● **THE PROBLEM**: In your copy, set down the entries exactly and exclude the pictures.

● **DATA EXTRACTS**:

* * * * * * *

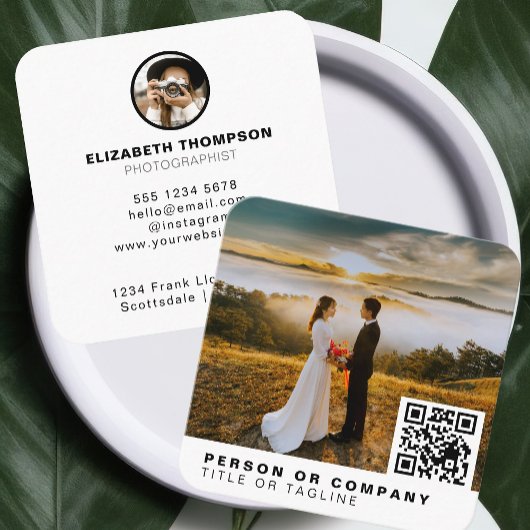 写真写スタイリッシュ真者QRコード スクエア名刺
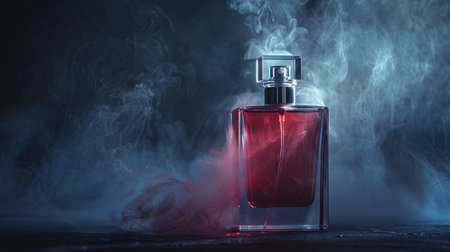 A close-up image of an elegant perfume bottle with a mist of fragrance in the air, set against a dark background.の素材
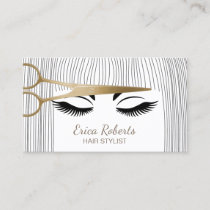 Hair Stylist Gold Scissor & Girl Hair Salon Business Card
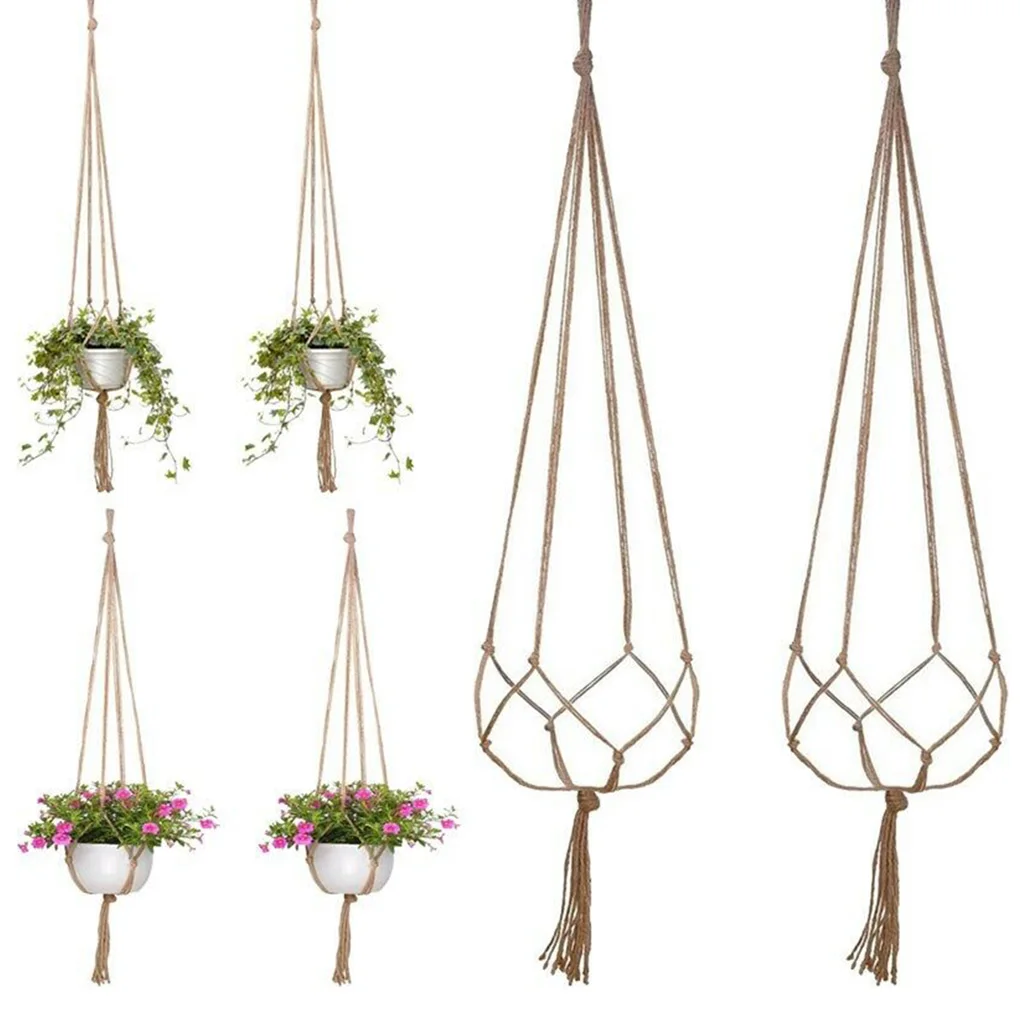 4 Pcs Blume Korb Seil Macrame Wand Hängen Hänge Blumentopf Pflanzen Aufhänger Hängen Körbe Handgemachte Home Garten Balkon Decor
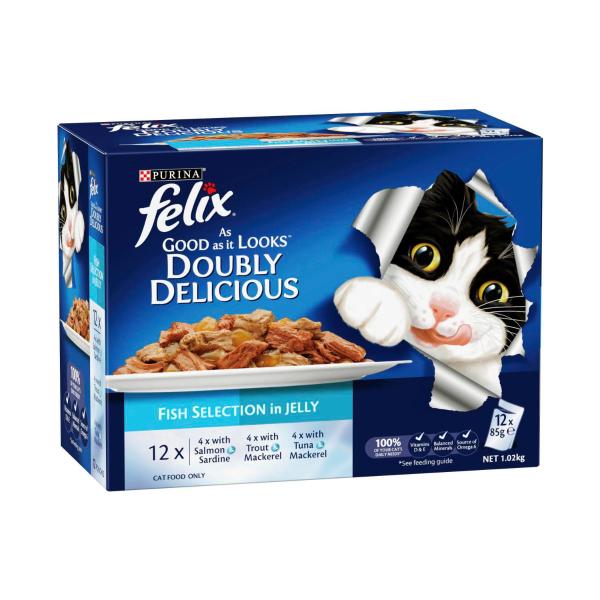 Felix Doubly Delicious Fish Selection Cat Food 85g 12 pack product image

* * * * * * *

● **EXERCISE RESULT**:
 写真写スタイリッシュ真者QRコード スクエア名刺
 A close-up image of an elegant perfume bottle with a mist of fragrance in the air, set against a dark background.の素材
 Hair Stylist Gold Scissor & Girl Hair Salon Business Card
 4 Pcs Blume Korb Seil Macrame Wand Hängen Hänge Blumentopf Pflanzen Aufhänger Hängen Körbe Handgemachte Home Garten Balkon Decor
 Felix Doubly Delicious Fish Selection Cat Food 85g 12 pack product image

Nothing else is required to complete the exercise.